Wednesday, 14 Jan 2009

For immediate release Wednesday 14 January 2009
Accountability and transparency key to education quality

An approach that measures educational ‘outputs’ through student, school and teacher assessment is needed to ensure accountability in the education system, says a new paper from the Australian Council for Educational Research.

The paper, Output Measurement in Education, by ACER Principal Research Fellow Dr Andrew Dowling, is the latest in a series of policy papers released by ACER.

“Governments can no longer justify their performance in education in terms of inputs; that is, in terms of the amount of new money they have provided, or the number of new teachers they have employed, or the range of new computers they have installed,“ says Dr Dowling.

“Output measures, particularly those related to student achievement, are the new bottom line in education.“

The policy paper shows that despite massive spending on education by the world’s governments, totalling $2 trillion in 2006, performance has barely improved in decades. Funding does not often correlate with performance, and therefore educational quality must be measured by other means.

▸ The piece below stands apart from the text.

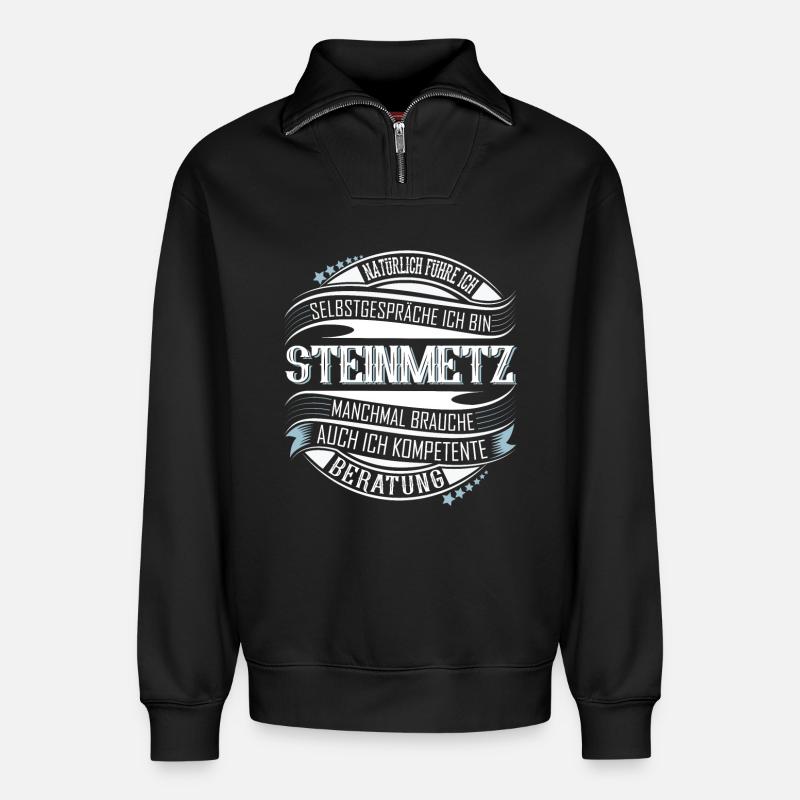Steinmetz - Relaxed Unisex Organic Half Zip Sweatshirt – von SPREAD - Schwarz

The paper considers the effectiveness of accountability processes, particularly standardised tests of student performance, and corresponding rewards and sanctions based on performance indicators. The paper shows that many high performing OECD countries do not have extensive national student testing. But Dr Dowling does not suggest from this that accountability systems do not work. In fact, recent research from the OECD, that attempt to isolate the effect of accountability systems, shows these systems do improve student results.

Dr Dowling considers the arguments for and against national testing for accountability purposes and concludes that improved measurement of student performance is both inevitable and justified, and is the best way forward for Australia’s education system.

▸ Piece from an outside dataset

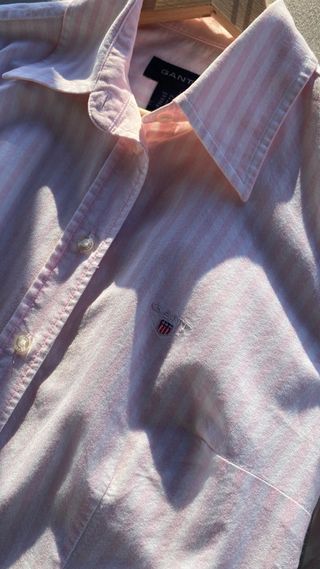 Woman's pink with white stripes shirt Oxford -GANT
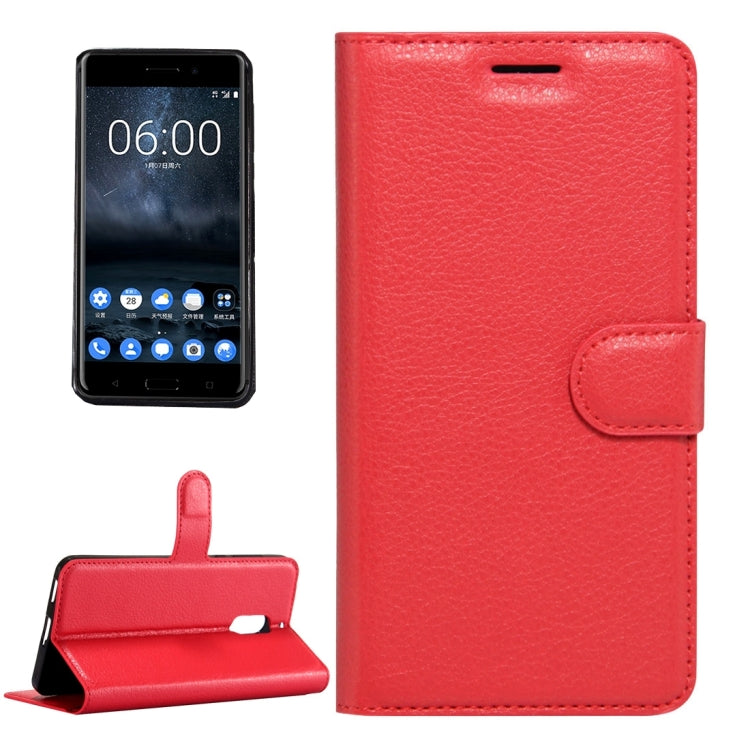 For Nokia 6 Litchi Texture Horizontal Flip Leather Case with Magnetic Buckle & Holder & Card Slots & Wallet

Dr Dowling also suggests that Australia’s accountability system should be extended to regularly and formally evaluate individual programs designed to improve student performance. “Performance measures are a positive shift in education but they haven’t gone far enough. Educators need to know, in more detail than they do, what works and doesn’t work in schools,“ he says.

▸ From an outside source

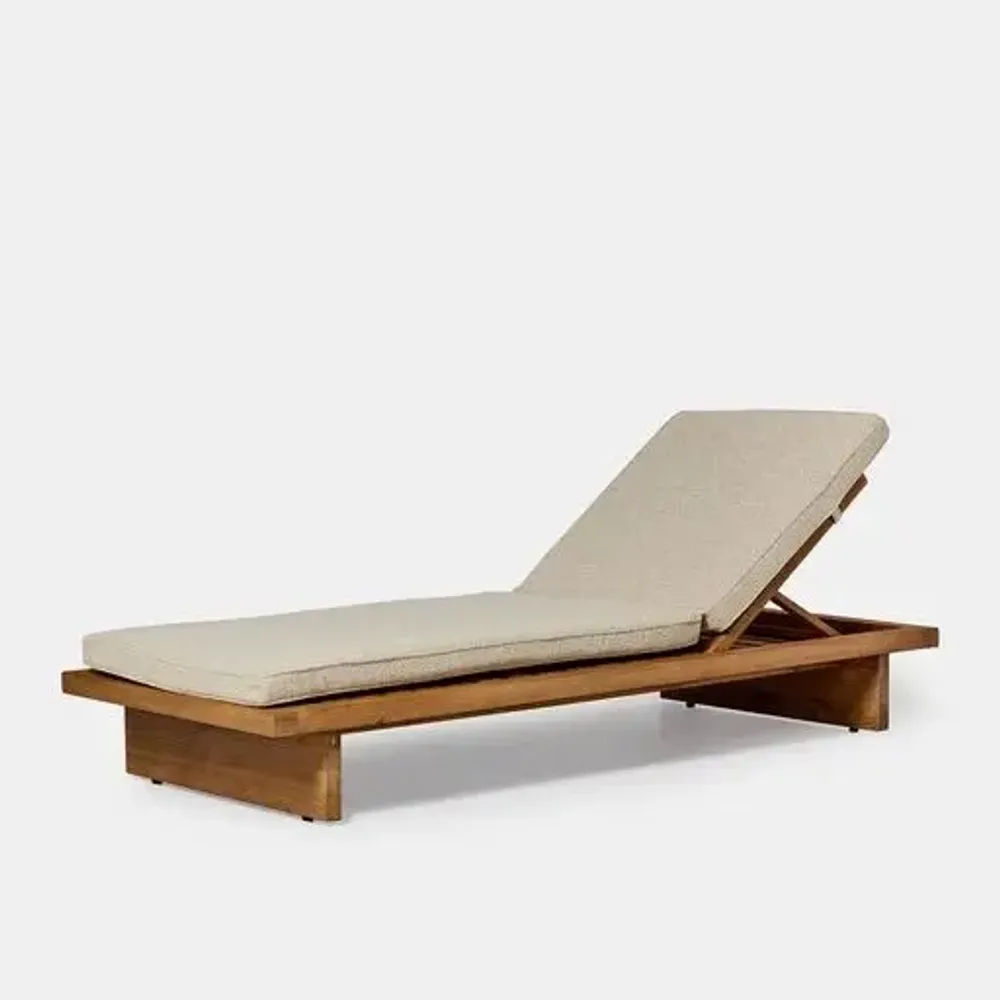 Deck chairs - Lilo deckchair in recycled teak and water-repellent fabric - DESIGN TRIP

While the paper urges increased measurement of performance and transparency of information, it does not advocate rewards and sanctions based on performance.

“The question of whether educational measurement systems should have penalties attached to them is another matter. There is not yet enough conclusive evidence to show whether the type of accountability apparent in the United States works or not,“ says Dr Dowling.

Output Measurement in Education, by Dr Andrew Dowling, Principal Research Fellow with ACER’s Policy Analysis and Program Evaluation Unit.